I should have titled my build log "2015 Hyundai Sonata - inspired by ShawnK". Shawn and I have many log phone calls discussing this build. He has advised many steps along the way that I wouldn't have thought of. Case in point, my system ground location.

When I choose my ground location, searching for low resistance, I didnt measure resistance with high amperage load. The location I originally chose was probably not suitable. I was relying on tiny spot welds.

When I was rotating my tires this weekend I noticed anther unused factory threaded hole on the driver's side rail. Perfect!










Tesa Tape then electrical tape



















Painted sanded off










Stainless bolt with dielectric grease and painetd


----------



## [email protected] (Jul 21, 2011)

Subscribed! Nice work so far! 

Curious how you like the pioneer. I am trying to decide between that or the Kenwood you originally had picked out. 

I use an iPhone so the Kenwood or Pioneer will. I plan to use the iDatalink Maestro in my VW and from what I have heard, the Kenwwod seems to work better with the Maestro than the Pioneer. 

Keep the updates coming!


----------



## edouble101 (Dec 9, 2010)

[email protected] said:


> Subscribed! Nice work so far!
> 
> Curious how you like the pioneer. I am trying to decide between that or the Kenwood you originally had picked out.
> 
> ...


This is my first double din. I have no problems setting the screen, ever. Tons of connectivity options and sound adjustment. The NAV software is excellent. I'd like to give you something negative about it but I have nothing!


----------



## edouble101 (Dec 9, 2010)

Stereo Integrity 6.5" are mounted. I cut mounting baffles out of 3/4" cutting board. I used a sealant between the mounting baffles and used foam gasket between the mounting baffles and midbass drivers.

Stock


----------



## edouble101 (Dec 9, 2010)

I have been working on a new sub enclosure. It will hold a single 15" PR and a single Mag V3 12". My goal for this enclosure other than to make bass is to take up as little trunk room as possible for this subwoofer. This design will accomplish that.

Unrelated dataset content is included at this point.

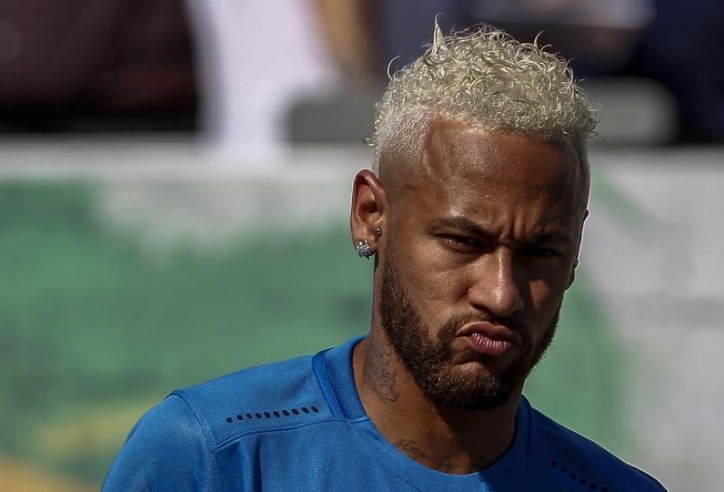 Nợ 1 tỷ USD, Barca hết cơ hội chiêu mộ Neymar?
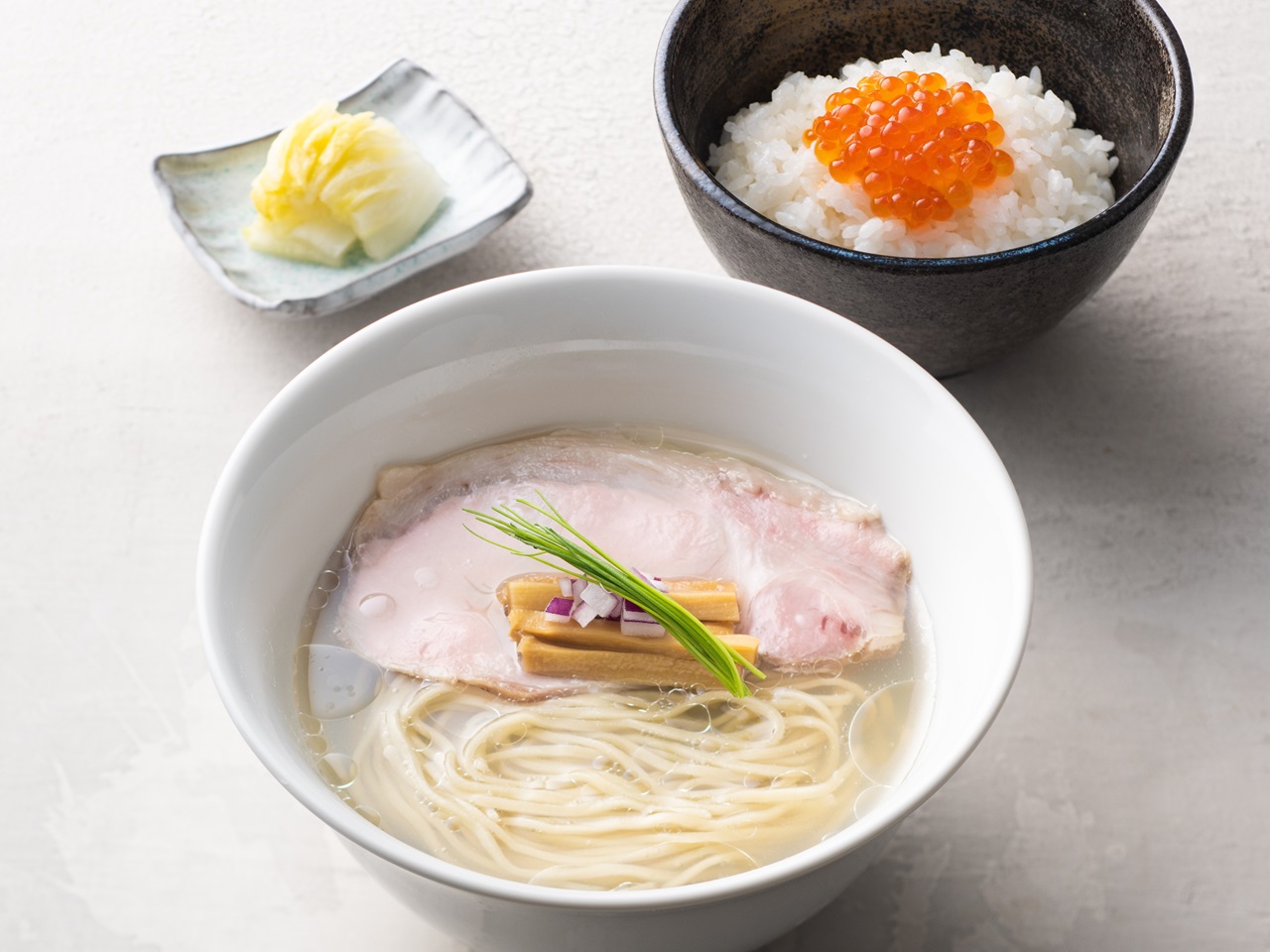 【朝食付】中華蕎麦（塩・醤油）としじみ出汁茶漬けから選べるセットメニュー！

The open sides will be fiberglassed to fit into the contour of the trunk. The angled back with fit snugly against the back of the rear seats.


Tons of more work until this is done.


----------



## abusiveDAD (Jan 7, 2009)

Subbed 
Looking good


----------



## edouble101 (Dec 9, 2010)

abusiveDAD said:


> Subbed
> Looking good


Thanks!

As I am finishing up my new subwoofer enclosure I decided to test out the new front stage. Right now I am using a minidsp dividing signal into four channels. 

- output 1 - left midbass 
- output 2 - left coaxial
- output 3 - right midbass
- output 4 - right coaxial

I am using one of my Eclipse four channel amplifiers to power them all. The output for the coaxial drivers are going though passive crossovers. This is all temporary as I am finishing up the sub enclosure and amp rack. All of the drivers are receiving around 25wrms each.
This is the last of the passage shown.